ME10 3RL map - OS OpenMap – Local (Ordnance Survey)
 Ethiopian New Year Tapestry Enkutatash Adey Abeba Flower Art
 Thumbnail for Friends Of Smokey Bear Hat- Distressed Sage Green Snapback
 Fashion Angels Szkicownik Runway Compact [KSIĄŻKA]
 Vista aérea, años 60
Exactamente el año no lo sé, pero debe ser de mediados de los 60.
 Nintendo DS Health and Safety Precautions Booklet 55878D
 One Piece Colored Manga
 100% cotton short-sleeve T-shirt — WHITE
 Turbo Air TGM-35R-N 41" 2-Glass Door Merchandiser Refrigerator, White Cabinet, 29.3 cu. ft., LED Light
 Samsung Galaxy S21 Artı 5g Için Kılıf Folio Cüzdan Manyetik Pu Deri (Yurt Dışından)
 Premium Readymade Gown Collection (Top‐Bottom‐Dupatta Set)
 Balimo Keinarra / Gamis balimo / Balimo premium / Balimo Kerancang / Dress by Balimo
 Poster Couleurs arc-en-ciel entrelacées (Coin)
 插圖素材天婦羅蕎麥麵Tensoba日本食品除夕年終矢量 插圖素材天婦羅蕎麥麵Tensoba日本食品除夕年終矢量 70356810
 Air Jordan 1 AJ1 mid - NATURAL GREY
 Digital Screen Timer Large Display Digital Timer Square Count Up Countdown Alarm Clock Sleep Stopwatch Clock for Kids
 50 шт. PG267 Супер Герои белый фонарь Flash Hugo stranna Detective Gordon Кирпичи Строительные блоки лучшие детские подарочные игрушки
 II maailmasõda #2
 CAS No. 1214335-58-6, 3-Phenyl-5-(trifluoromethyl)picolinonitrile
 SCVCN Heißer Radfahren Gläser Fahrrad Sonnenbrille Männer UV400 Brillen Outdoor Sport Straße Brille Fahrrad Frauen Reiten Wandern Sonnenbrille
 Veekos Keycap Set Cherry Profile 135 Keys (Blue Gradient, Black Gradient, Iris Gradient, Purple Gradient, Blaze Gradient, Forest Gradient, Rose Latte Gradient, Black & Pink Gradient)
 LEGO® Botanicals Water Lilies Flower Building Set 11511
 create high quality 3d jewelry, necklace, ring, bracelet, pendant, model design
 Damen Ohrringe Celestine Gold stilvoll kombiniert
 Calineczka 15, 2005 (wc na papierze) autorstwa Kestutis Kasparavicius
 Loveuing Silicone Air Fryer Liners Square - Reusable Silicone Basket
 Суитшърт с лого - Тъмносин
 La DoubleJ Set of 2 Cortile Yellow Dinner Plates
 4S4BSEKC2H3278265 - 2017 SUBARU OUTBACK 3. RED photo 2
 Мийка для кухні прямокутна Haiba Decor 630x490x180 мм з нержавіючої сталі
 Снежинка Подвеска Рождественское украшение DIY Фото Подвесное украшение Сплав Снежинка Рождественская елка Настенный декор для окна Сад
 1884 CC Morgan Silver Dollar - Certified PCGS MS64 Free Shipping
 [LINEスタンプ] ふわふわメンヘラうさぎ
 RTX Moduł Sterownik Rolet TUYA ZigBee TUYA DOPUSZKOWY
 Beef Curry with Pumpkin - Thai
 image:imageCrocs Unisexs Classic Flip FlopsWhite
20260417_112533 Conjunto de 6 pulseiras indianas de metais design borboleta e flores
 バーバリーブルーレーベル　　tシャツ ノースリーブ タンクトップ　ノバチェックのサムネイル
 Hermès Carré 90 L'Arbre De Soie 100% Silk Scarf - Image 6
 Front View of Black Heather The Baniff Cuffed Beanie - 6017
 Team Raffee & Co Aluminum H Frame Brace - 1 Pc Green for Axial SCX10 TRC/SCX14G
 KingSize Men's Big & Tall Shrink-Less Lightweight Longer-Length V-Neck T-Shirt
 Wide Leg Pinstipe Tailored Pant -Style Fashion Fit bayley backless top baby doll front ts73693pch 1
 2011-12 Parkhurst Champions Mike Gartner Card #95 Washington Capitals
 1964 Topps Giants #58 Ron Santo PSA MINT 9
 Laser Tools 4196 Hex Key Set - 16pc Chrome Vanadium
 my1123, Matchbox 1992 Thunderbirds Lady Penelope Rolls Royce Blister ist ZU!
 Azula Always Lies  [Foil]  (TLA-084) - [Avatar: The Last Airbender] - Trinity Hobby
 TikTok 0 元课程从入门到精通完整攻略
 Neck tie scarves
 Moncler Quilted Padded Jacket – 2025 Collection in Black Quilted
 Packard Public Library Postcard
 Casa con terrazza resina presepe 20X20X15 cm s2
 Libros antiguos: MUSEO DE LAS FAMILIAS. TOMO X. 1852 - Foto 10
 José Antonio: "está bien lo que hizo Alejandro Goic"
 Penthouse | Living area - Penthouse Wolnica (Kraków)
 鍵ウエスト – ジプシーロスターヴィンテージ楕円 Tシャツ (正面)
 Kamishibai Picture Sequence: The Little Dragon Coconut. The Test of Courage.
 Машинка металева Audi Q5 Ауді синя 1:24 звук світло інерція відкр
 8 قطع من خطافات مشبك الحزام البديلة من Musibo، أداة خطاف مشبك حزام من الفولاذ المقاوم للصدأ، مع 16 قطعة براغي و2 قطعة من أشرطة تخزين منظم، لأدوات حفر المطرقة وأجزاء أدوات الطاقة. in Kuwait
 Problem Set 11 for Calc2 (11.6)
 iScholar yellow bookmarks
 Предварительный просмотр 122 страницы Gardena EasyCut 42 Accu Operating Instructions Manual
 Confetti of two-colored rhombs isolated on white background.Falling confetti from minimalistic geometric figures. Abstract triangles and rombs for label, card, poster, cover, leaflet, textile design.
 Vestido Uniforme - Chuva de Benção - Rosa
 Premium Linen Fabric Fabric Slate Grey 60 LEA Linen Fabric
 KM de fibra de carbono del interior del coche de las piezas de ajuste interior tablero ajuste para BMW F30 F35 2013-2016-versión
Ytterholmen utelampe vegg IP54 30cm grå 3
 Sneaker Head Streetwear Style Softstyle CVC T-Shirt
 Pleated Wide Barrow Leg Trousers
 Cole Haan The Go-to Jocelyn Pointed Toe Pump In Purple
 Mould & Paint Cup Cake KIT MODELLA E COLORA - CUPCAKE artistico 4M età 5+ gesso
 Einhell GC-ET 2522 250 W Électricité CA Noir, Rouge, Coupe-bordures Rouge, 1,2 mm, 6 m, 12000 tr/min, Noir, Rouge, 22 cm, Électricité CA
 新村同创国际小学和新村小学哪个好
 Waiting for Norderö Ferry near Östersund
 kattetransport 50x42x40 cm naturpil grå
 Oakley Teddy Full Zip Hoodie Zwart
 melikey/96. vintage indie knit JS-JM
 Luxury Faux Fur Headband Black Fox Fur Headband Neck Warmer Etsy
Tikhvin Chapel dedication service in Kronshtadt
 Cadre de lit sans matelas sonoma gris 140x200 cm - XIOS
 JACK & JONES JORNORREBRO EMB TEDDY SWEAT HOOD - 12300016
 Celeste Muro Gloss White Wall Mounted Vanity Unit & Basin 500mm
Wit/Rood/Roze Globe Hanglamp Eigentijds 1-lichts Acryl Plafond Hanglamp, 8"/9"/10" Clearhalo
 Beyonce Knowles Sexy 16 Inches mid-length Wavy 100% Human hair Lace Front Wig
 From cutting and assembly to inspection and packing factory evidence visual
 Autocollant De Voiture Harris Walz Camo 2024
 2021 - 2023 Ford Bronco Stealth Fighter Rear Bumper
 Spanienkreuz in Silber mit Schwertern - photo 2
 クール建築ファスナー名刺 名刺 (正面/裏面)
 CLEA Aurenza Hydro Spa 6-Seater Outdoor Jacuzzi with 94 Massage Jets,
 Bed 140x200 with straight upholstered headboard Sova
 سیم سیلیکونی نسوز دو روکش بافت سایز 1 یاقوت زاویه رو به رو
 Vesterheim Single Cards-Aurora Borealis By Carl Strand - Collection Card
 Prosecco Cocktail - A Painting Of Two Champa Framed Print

◆ Instructions for the task:
Would you please repeat exactly the lines above, starting at the line with "Vista aérea, años 60" and stopping at the line with "100% cotton short-sleeve T-shirt — WHITE", both included?

◆ Answer to the exercise:
 Vista aérea, años 60
Exactamente el año no lo sé, pero debe ser de mediados de los 60.
 Nintendo DS Health and Safety Precautions Booklet 55878D
 One Piece Colored Manga
 100% cotton short-sleeve T-shirt — WHITE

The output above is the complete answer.